On the third day, as she cooked on an open fire, a traveller sauntered over. She let him eat for free. He came again the next day, with two others. She did not speak their language, nor they hers. She managed to charge them ₹5 each.
A German stopped by. He told her she was beautiful in broken Hindi. He ate with her for almost a month and then let her into a secret: “The white man loves bread.”
Together they devised a method to bake without an oven. She would place a large steel dish on the fire and sprinkle it with sand. The sand would retain heat. She’d put another dish with dough and cover it with a large dish. She’d seal it with cow dung.
That’s how Saraswati baked Gadda’s first loaf of brown bread. That’s how the first business came to be. For years, Saraswati was known as the Bread Lady. She didn’t think of naming her place. Years later another bakery opened so she finally named hers: The Island Bakery.

Today, residents of
Gadda cherish a creation story that begins with Saraswati crossing the river.
The owner of the most popular guesthouse in the Gadda, Shanti, will tell you:
“She didn’t come with greed. She came to live. She was like Eve, the first
woman that lived on that hill.”
Despite the tourists Gadda has remained a solitary place. It is a cul-de-sac, with one bumpy road in and out of the village. In the monsoon tractors plough the fields blasting Bollywood classics. During tourist season, which runs from November to March, the village morphs. Farmers work in guesthouses and the rooms are filled with happy noises.
Gadda, as its residents know it, is a village that doesn’t feature on many
maps. There are no road signs leading to it. Most people on the NH169 haven’t
even heard of it. Hampi. That’s where everyone is ushered, to the majestic
monuments from the Vijayanagar Empire. For if you are a traveller, that’s the
only place of interest, the only destination.
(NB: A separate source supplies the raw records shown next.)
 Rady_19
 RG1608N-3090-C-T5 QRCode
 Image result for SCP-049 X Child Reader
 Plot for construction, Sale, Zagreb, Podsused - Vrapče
Today most of the rooms are still vacant but they won’t be for long. Each one of the 312 will be occupied once the season arrives. Of this the guesthouse owners are certain. Most likely, there won’t be enough rooms for the tourists. There will be waiting lists and that’s how it’s been for the past 14 years. When the travellers arrive in Gadda, the room rates are hiked and that’s when the Guest House owners celebrate because for six months of the year, the village waits.
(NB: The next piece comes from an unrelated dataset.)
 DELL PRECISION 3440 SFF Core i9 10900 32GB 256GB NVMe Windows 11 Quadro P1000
Gadda wouldn’t matter if it weren’t for geography. It is a small island on the Tungabhadra opposite Hampi. A farming village whose destiny changed. But people here will tell you destiny changes, just like seasons do.
Despite the tourists Gadda has remained a solitary place. It is a cul-de-sac, with one bumpy road in and out of the village. The road is nestled between chrome-green rice fields and canopied by coconut trees. In the horizon are hills with boulders strewn about like marbles by giants.
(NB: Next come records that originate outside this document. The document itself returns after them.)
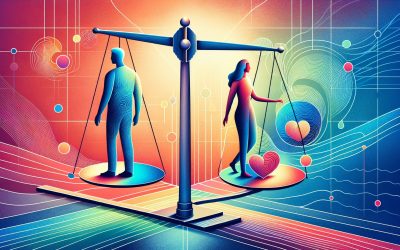 Koliko kompromisa je zdravo u vezi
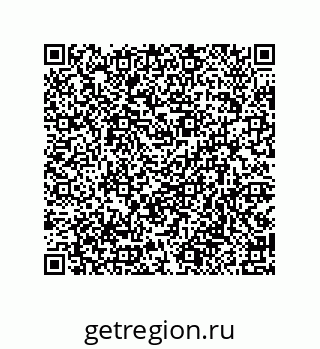 79914520626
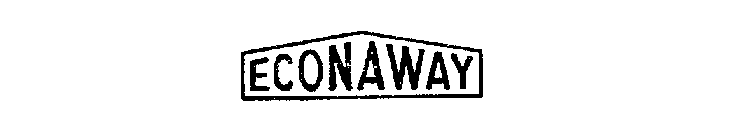 ECONAWAY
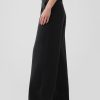 CashSoft Bundfaltenhose CashSoft Bundfaltenhose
In the monsoon tractors plough the fields blasting Bollywood classics. During tourist season, which runs from November to March, the village morphs. Farmers work in guesthouses and the rooms are filled with happy noises.
“We thought we were the lucky ones. The monuments were far enough, they teased us from a distance,” says Madan Lal. But the linkage between Hampi and the Gadda became stronger when UNESCO appeared on the scene.
1986
UNESCO recognised
the Monuments of Hampi as World Heritage. By then tourism had already cast its
shadow on the site. Ancient salu mantapas, a medieval marketplace, were
occupied again. Restaurants, stores selling anklets, Karnatak jewellery, harem
pants and Internet cafés: all emerged in a jumbled heap. This stretch became
the Hampi Bazaar. The hub of commercial activity. The bazaar was centered
around the Virupaksha Temple and the first curio was less than two metres away.
UNESCO surveyors found the site in a state of chaos. The state government’s determination to build a bridge over the Tungabhadra threatened the integrity of the site, UNESCO had noisily claimed. But construction wasn’t halted. In 1999 the Monuments of Hampi were listed as World Heritage in Danger.
A news report filed in The Hindu in 2000 states, “The S M Krishna Government has woken up belatedly to the reported threat by UNESCO authorities to withdraw the World Heritage Site classification given to Hampi, in Bellary district. The unauthorised construction activities, quarrying, building of bridges, encroachments near the historic site and the menace of ‘Hippies’, have all combined to endanger and degrade the world famous Hampi.”
Eventually construction on the two bridges was abandoned but the site’s and Gadda’s reputation had been tarnished.
But by then Madan Lal had already tasted life on the tourist trail. Bad droughts had turned his land to stone. He would watch Krishna Prasad, Saraswati’s son, walk back and forth with a satchel heavy with bread.
Madan Lal had seen the boy grow up in front of his eyes. He had also seen Saraswati prosper. Young Krishna’s bicycle was proof. He flagged Krishna down. He peered into the satchel and bought a piece of bread.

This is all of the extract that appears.